British Guiana, on the north coast of South America, has 109,000 square miles and a population of 280,000 people— negroes, contract laborers, coolies from India raising sugar, with 2,533 Europeans, including the garrison.

Haiti has a population of 600,000 people. It has 10,204 square miles. The language is French. Nine-tenths of the population are negroes, and the rest are mulattoes. You can say a thousand things about Haiti, about its healthful climate, about its wonderful productiveness, about its desirability. White men will not live there because of the climate.

New Guinea, a British colony, lies between 8° and 10° of the equator, has 88,000 square miles and a population of 350,000 people, 250 of whom are Europeans.

New Zealand has an area of 104,000 square miles. It is near New Guinea. It is between the thirtieth and thirty-fifth degree of south latitude, and therefore outside of the Tropics. I give this illustration for the purpose of showing that it is a question of climate whether the white race will occupy a locality or not. Its population is 628,000 Europeans, 41,000 natives, and 4,400 Chinamen. It is in the Temperate Zone. So the Anglo-Saxon went there and settled, and he built up a government freer, in my opinion, and better than ours, because untrammeled by interference, untrammeled by older influences. This colony was planted later than ours, and, unhindered by greed, by a combination of circumstances which have oppressed us and the English people, the people of New Zealand have worked out what Anglo-Saxon men untrammeled will always work out—a free government participated in by all the people. In my opinion they have better laws. In fact, they furnish about the only example of a first-class English government on the globe to-day

The Straits Settlements are within the Tropics. There is there a population of 512,000 natives. Singapore, the commercial city, is a great city, one of the emporiums of the East, right under the equator. It is on the route from the Suez Canal to China and Japan. It contains 512,000 natives, 6,500 Europeans and Americans. The Europeans are the English garrison and the English officeholders. The few Americans who are there are engaged in trade and business with the East, and they go away in the summer. They go up to Japan; they go to the health resorts of that delightful country to escape the evil effects of a tropical climate.

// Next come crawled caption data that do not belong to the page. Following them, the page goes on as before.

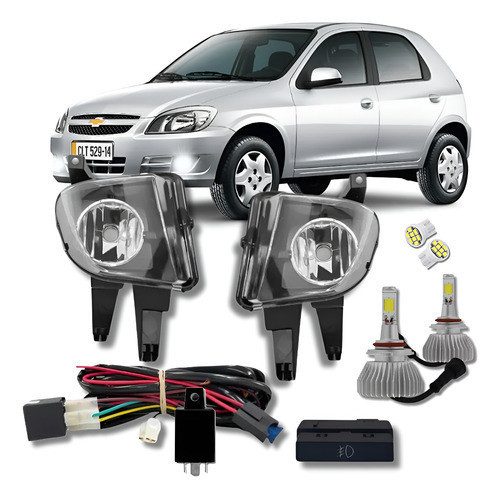Kit Farol Milha Celta Prisma 2012 2013 2014 Botão Orig + Led em Oferta na Shopee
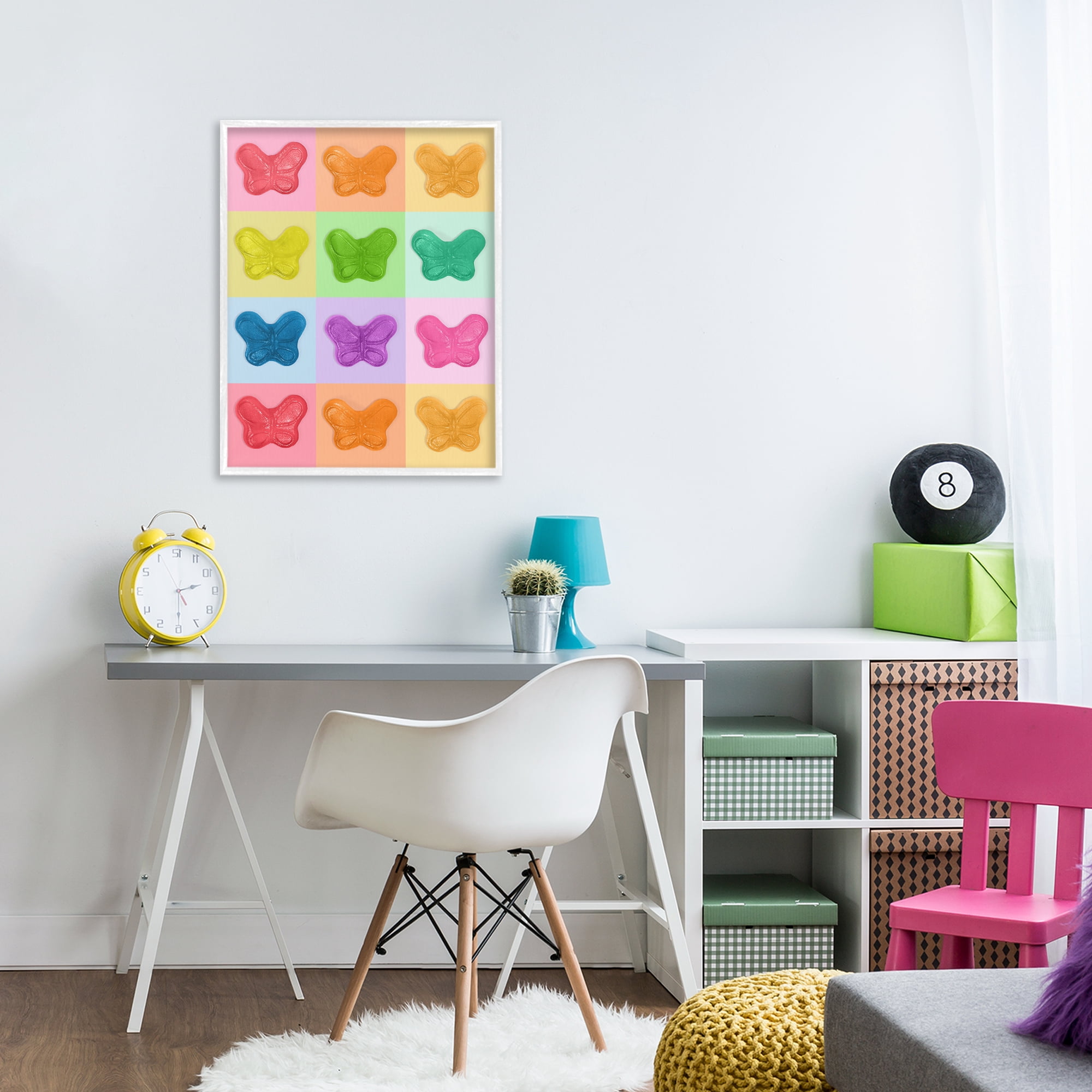 Stupell Industries Colorful Butterflies Candy White Framed Giclee Art, design by LISH Creative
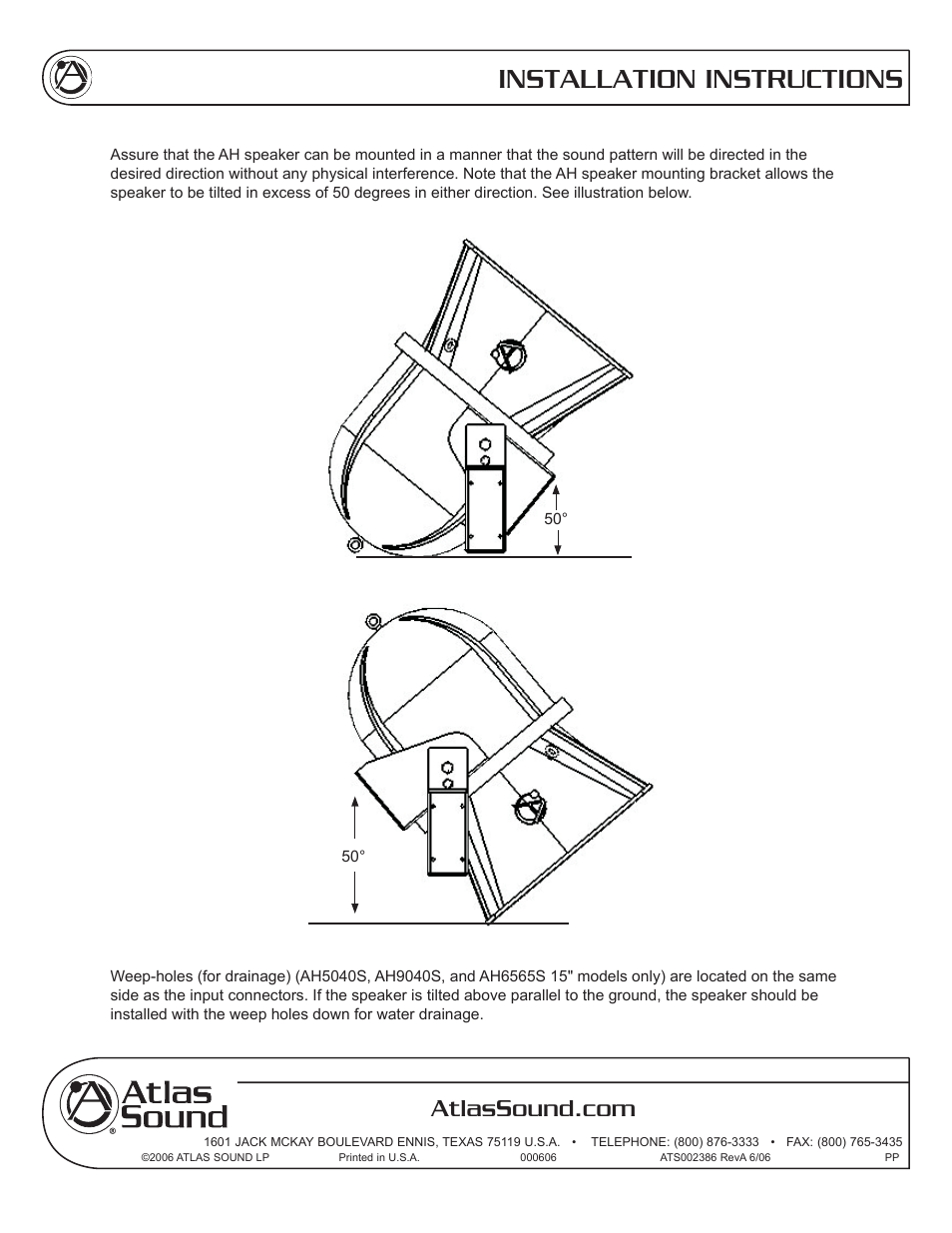 Installation instructions | Atlas Sound AH99-12ST User Manual | Page 6 / 12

It was supposed that the French people would occupy the Tropics, but they do not. The Latin race, more or less, has occupied the Tropics, but the frost of winter has touched the veins of the Frenchman. It has overcome the tendency of his Latin blood to live within the Tropics, and although they have conquered Tonquin, with 9,000,000 of people, and Cochin China, with 3,000,000 more, there are only 3,000 Frenchmen in the whole country, including the officers and the garrison. The rest of the troops are natives.

Martinique is an island on the north coast of South America, of which we have heard much of late. Martinique has 187,000 people, and only 1,307 Frenchmen and Europeans of all classes. The balance of the population are blacks.

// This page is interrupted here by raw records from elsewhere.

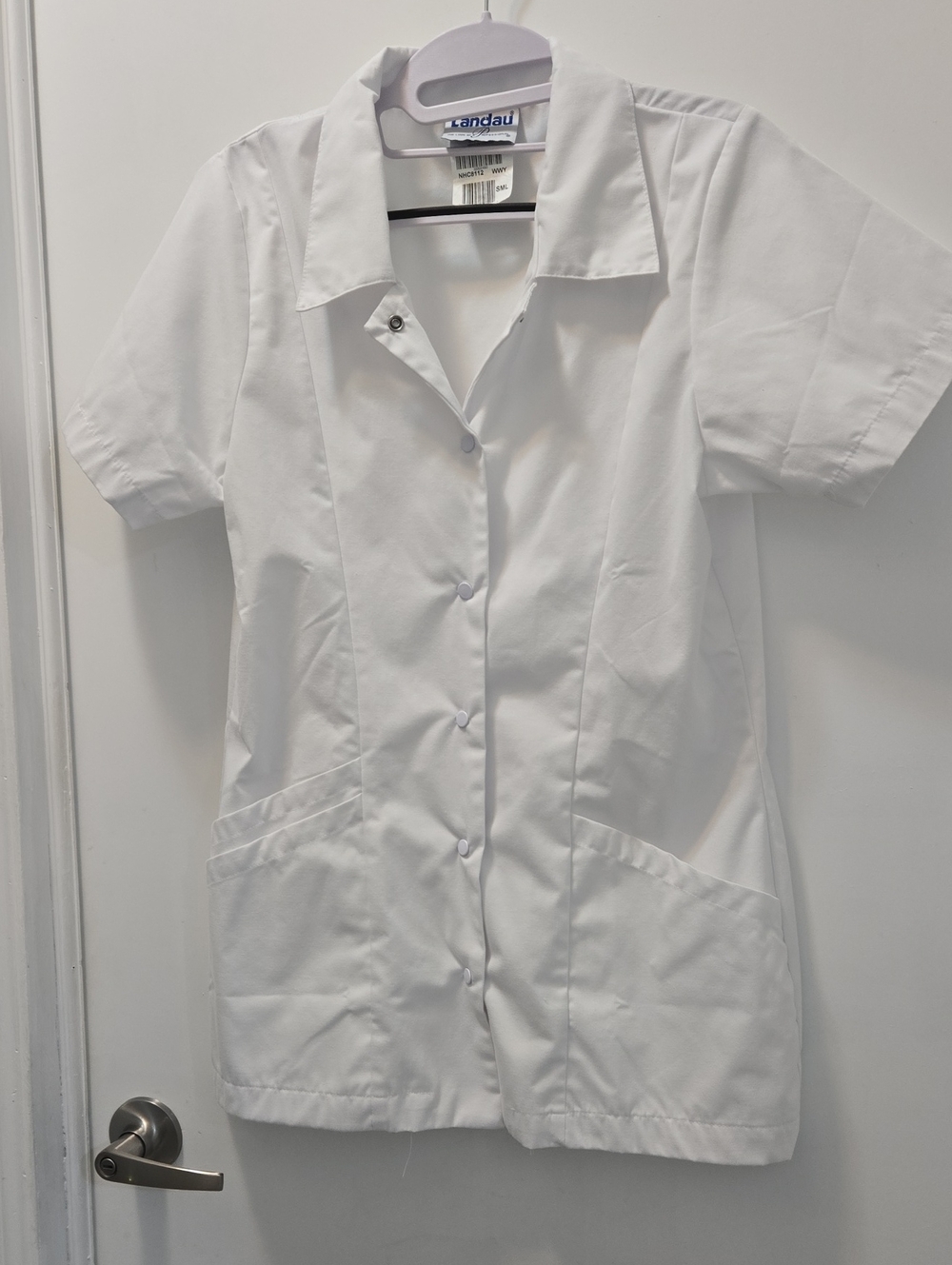 Landau White Short-Sleeve Medical Tunic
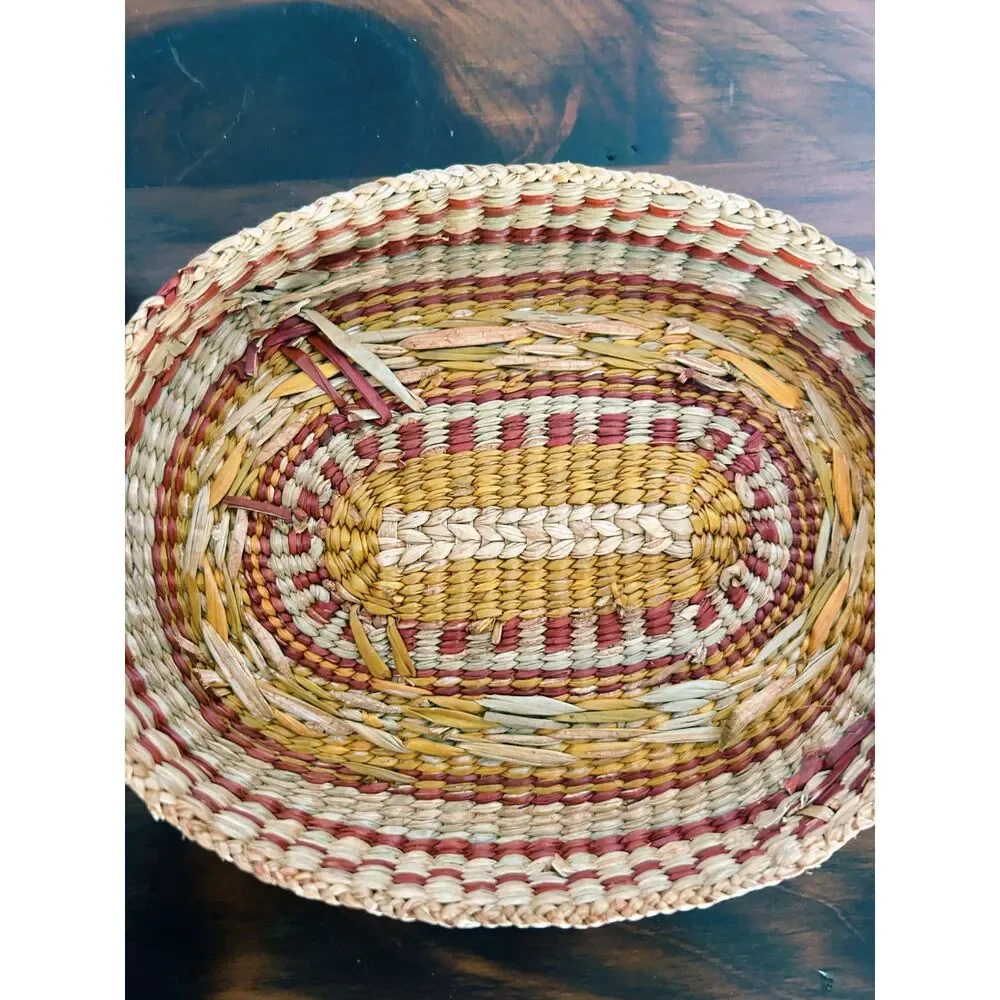 Vintage 1970s/1980s Chinese Hand-Woven Coiled Lidded Basket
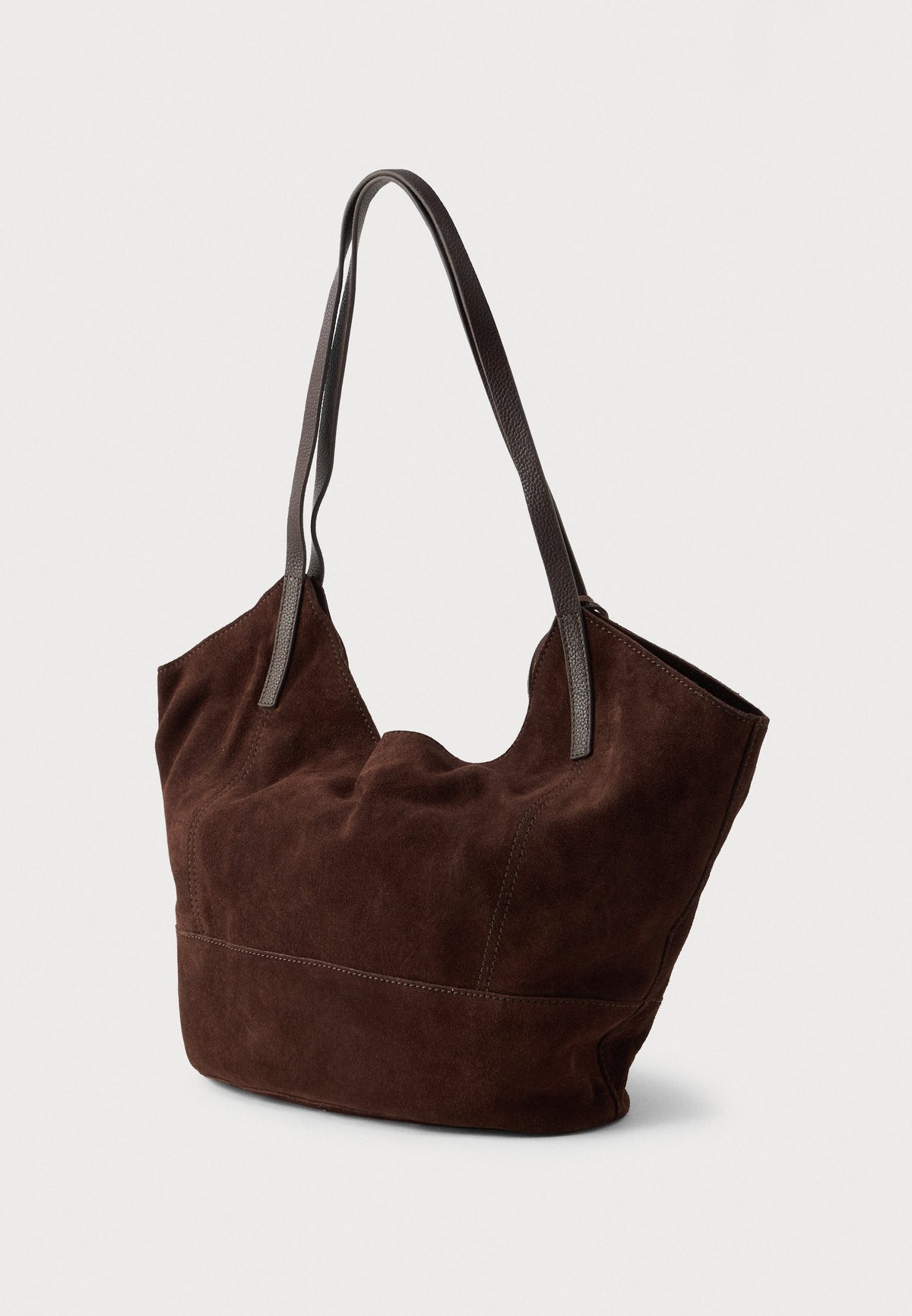 Thermabuild | Chocolate Brown Suede & Leather Tote Bag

French Congo has a population of 7,000,000, and only 300 Europeans, besides the garrison.

So it goes the world over. Look where you will, tropical countries are not inhabited by the people of our race.

There are no American laborers in Hawaii, and there never will be. Annex the islands if you will. A number of American laborers who were taken there years ago to work upon sugar plantations have abandoned the business, and to-day not one is employed in any of the tropical industries. Between 1895 and 1897 even the eighty-seven Americans who were put down in the census of Hawaii as being engaged in the sugar industry as employees have disappeared entirely. They turn them off. They were foremen, they were bookkeepers, but the Jap came in, skilled as he is in every art and in every business. He would work for $12 a month, and the American who was being paid $50 and $75 was dismissed. So even in Hawaii, since 1895, every American employed as a laborer on these plantations has been dismissed and his place filled by an Asiatic.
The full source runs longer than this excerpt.